Amazon software engineer Aditya Iyer sits alone on steps outside the company headquarters, and across the street from his apartment building, as he works on his laptop Friday, March 20, 2020. Most workers in the area are working from home and people in the state are being asked to maintain physical distance from others to help stop the spread of COVID-19. The death toll in Washington state from the coronavirus increased to 74 a day earlier, and the number of cases topped 1,300, according to state health officials. (AP Photo/Elaine Thompson)

Tech companies want Alta. premier to wade into battle over ‘software engineer’ title

Canadian tech companies are calling on the new premier of Alberta to intervene after a regulatory group’s legal action over job titles such as “software engineer.”

More than 30 signatories of a letter sent to Danielle Smith on Friday say the Association of Professional Engineers and Geoscientists of Alberta (APEGA) “has taken the aggressive position that software engineers must be regulated, and subject to onerous, restrictive, and unnecessary certification requirements.”

The signatories, which include executives from Helcim, Aimso and Neo Financial, see “software engineer” as a standard job title for anyone building technical programs and argue APEGA shouldn’t be treating it as a role in need of certification and regulation like professional engineers.

“APEGA is actively targeting companies in Alberta with legal action to restrict us from using globally competitive job titles and descriptions,” reads the letter orchestrated by the Council of Canadian Innovators (CCI), a national tech advocacy organization.

The signatories cite APEGA lawsuits against tech companies that use variations on the engineer title.

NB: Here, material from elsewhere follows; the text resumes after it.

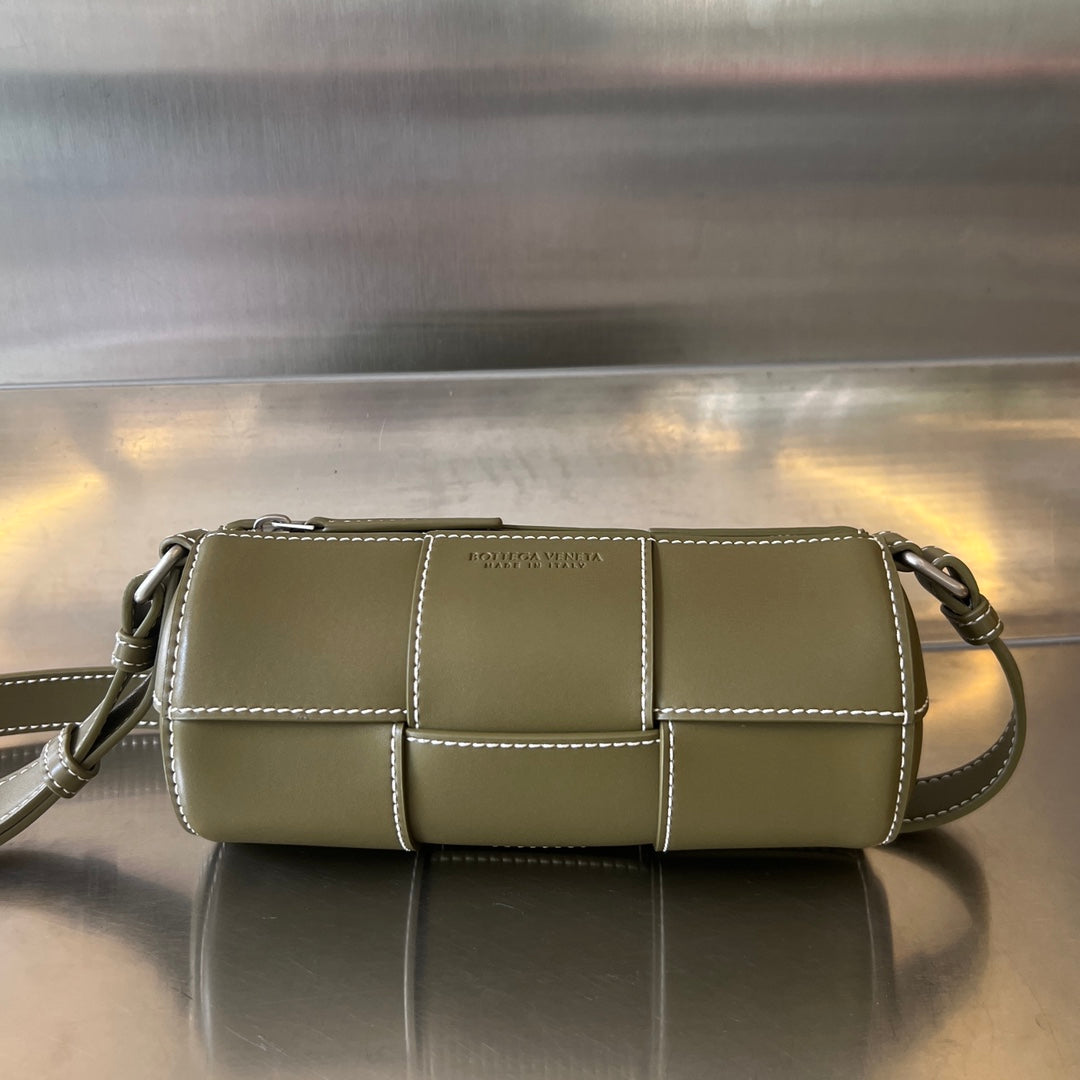 BOTTEGA VENETA SMALL CYLINDER CASSETTE 21 IN TOBACCO BROWN CALFSKIN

They want Smith to “act and remove the regulatory red tape” they say hampers their ability to compete for global tech talent, which has long been lured to the U.S. instead with promises of big job titles and even bigger salaries.

“Some companies have considered relocating because they find this red tape extremely challenging to deal with and will need to hire more engineers,” says CCI President Benjamin Bergen.

“You’ll see companies open offices in other jurisdictions where they actually use the correct terminology.”

He argues this is a case of a regulator which has “overstepped” on an issue that hasn’t seen this level of action anywhere else in the world.

APEGA’s website says it has “the legal right and requirement” to restrict the practice and use of titles linked to engineering and geoscience to licensed individuals and companies.

On top of traditional titles like professional engineer, professional geologist and professional geophysicist, it says those who are unlicensed cannot use the word engineer combined with any name, title, description, letter, symbol or abbreviation that implies they are licensed with APEGA in job titles, on resumes or on social media.

APEGA maintains this is because “the public may believe that you have the right to practice engineering or geoscience” and “this can endanger public safety.”

An open letter signed by the leaders of each provincial and territorial engineering regulator in Canada in July said use of “software engineer,” “computer engineer” and other information technology titles with the engineer suffix is prohibited everywhere in Canada unless the person using it is licensed by one of their regulatory groups.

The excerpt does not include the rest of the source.